10 thoughts on “NYSLRS Basics: When Can You Retire?

  1. Denise

    Good Morning,

    I will have 30 years of service credit with my employer of July 1, 2016. My question is can I retire any day after July 1, 2016?

    Reply
    1. NYSLRS

      Assuming you’re in a regular retirement plan, you can apply for retirement any time after you reach age 55. Once you have 30 years of service credit before you reach the age of 62, you can retire without a benefit reduction. You should confirm the date you’ll have 30 years of service credit by submitting a Request for Estimate form (RS6030). On the form, explain that you want an estimate based on the date you will have 30 years of service credit.

      Reply
  2. Jose

    I will have 30 years of service credit as a NYS Corrections Officer (Tier 3) in 2019, however, I will be 51 years old. Will I be able to retire without a benefit reduction or will I have to wait until I turn 55 years old to retire? Are there any benefits if I continue to work longer than age 55?

    Reply
    1. NYSLRS Post author

      Assuming you are covered under the Article 14 Corrections Officer plan, with 25 years of creditable Corrections service, you may retire at any age with full benefits (one-half of your final average salary [FAS]).

      If you retire between the ages of 55 and 62 (between 55 and 63 for Tier 6 members) with more than 25 years of service, you will receive the better benefit provided by either:

      • One-half of your FAS; or
      • 2 percent of your FAS for each year of service (maximum of 30 years), less a reduction for retiring before age 62 (age 63 for Tier 6 members)
      Reply
  3. Cindy affinati

    Does any sick time accrued add to your service credit length? If I will have 30 years in August and I have three months’ worth of sick leave credit, can I retire in May and still effectively have 30 years’ credit?

    Reply
    1. NYSLRS Post author

      If your employer provides the sick leave benefit (Section 41(j) of the Retirement and Social Security Law), you may receive additional service credit for your unused, unpaid sick leave at retirement. However, you cannot use this additional credit to qualify for better retirement benefit calculation or reach a milestone.
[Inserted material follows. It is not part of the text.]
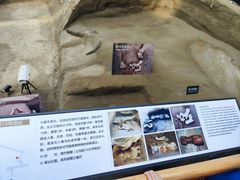 -金沙遗址博物馆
If you are a Tier 2, 3, or 4 member retiring before age 62 and need 30 years of service credit to retire without a benefit reduction, you would need to earn the 30 years of service first. Then, if your employer offers the sick leave benefit, you can receive the additional time toward your retirement benefit calculation.

      Reply
        1. NYSLRS Post author

          Tier 4 members can use up to 30 days of vacation pay towards their FAS calculation as long as their last three consecutive years are the highest. There are limitations though. For Tier 4 members, each year of your FAS cannot be more than 10% higher than the average of the previous two years. Any earnings above the limit will not be used in your pension calculation.

          For more information, or information about other tiers, please visit our Final Average Salary page or find your retirement plan booklet on our Publications page.

          Reply
  4. bruce goldberg

    I would like to retire when I am 62 at the end of april 2017 I believe I will be a couple months short of 25 yrs service at that time. I,m tier 2, Would I receive full benefits or do I need to wait till ii have 25 yrs. thanks

    Reply
    1. NYSLRS

      For most retirement plans, there is no early age reduction if you retire when you reach age 62. But, in order to get you the account-specific information you need, please email our customer service representatives using our secure email form, and one of our representatives can review your account to address your questions. Filling out the secure form allows us to safely contact you about your personal account information. Please allow five to seven business days for a response.